Ultrasound (US) is the first-line imaging modality when evaluating scrotal pathology. This review will examine some common pathologies that can present diagnostic and clinical ambiguity, including testicular microlithiasis, incidental non-palpable lesions, varicoceles, and testicular infarctions. This review aims to summarize the current literature and evidence-based guidelines for these entities and to describe the important sonographic features for diagnosis as well as discuss associated clinical implications. Current guidelines suggest that management for testicular microlithiasis is dependent on associated patient risk factors and the presence or absence of other findings on ultrasound.

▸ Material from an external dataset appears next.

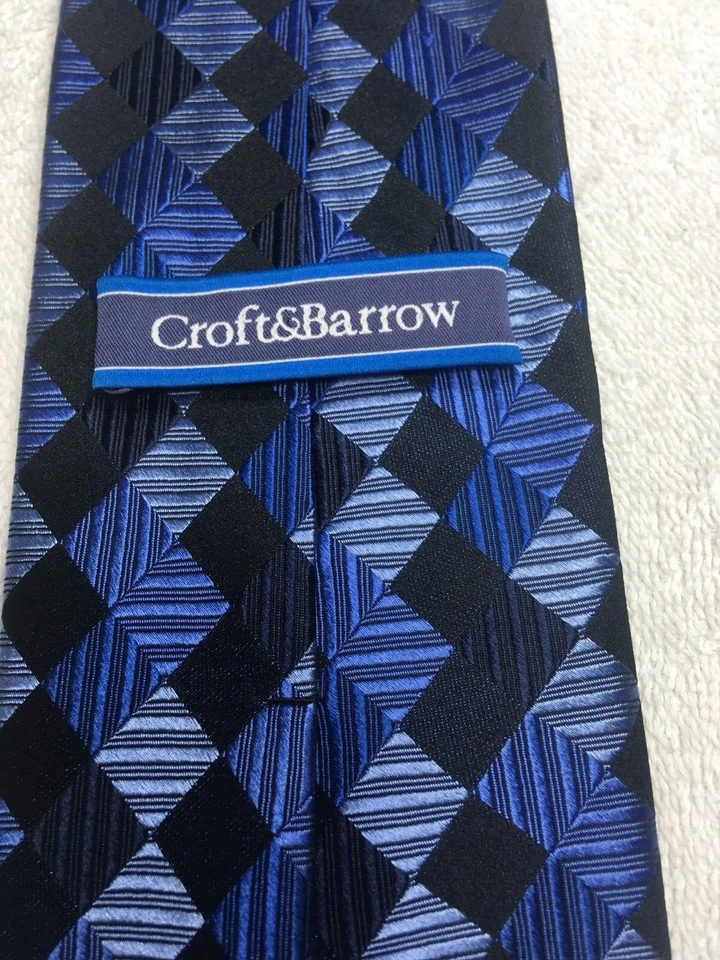 Gravata masculina CROFT AND BARROW TONS DE AZUL COM PRETO 3,5 X 60 NOVA SEM ETIQUETAS - Imagem 4 de 4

Incidental non-palpable lesions are a diagnostic and management challenge and evolving recommendations depend on the size of the lesion and other associated features. Alternatively, varicocele is a relatively straightforward entity to diagnose, but management strategies depend on the patient’s clinical symptoms and fertility status. Testicular infarctions can also have challenging diagnostic and management approaches, especially when they are segmental. In all of these testicular pathologies, patient risk factors, clinical history, and physical exam are important factors to help guide diagnosis and management. In difficult cases, additional modalities including MRI can add to diagnostic certainty. Ultrasound plays a vital role in distinguishing multiple testicular abnormalities, including testicular microlithiasis, incidental non-palpable lesions, varicoceles, and testicular infarctions. This review summarizes the current literature as well as the available evidence-based guidelines to help define the strength and limitations of US. This review helps delineate the indications for follow-up ultrasound, the salient patient risk factors and clinical findings, and the role of other imaging modalities to increase diagnostic accuracy. This review will assist the radiologist in better identifying and managing these testicular abnormalities, and, in some cases, reduce the number of unnecessary radical orchiectomies.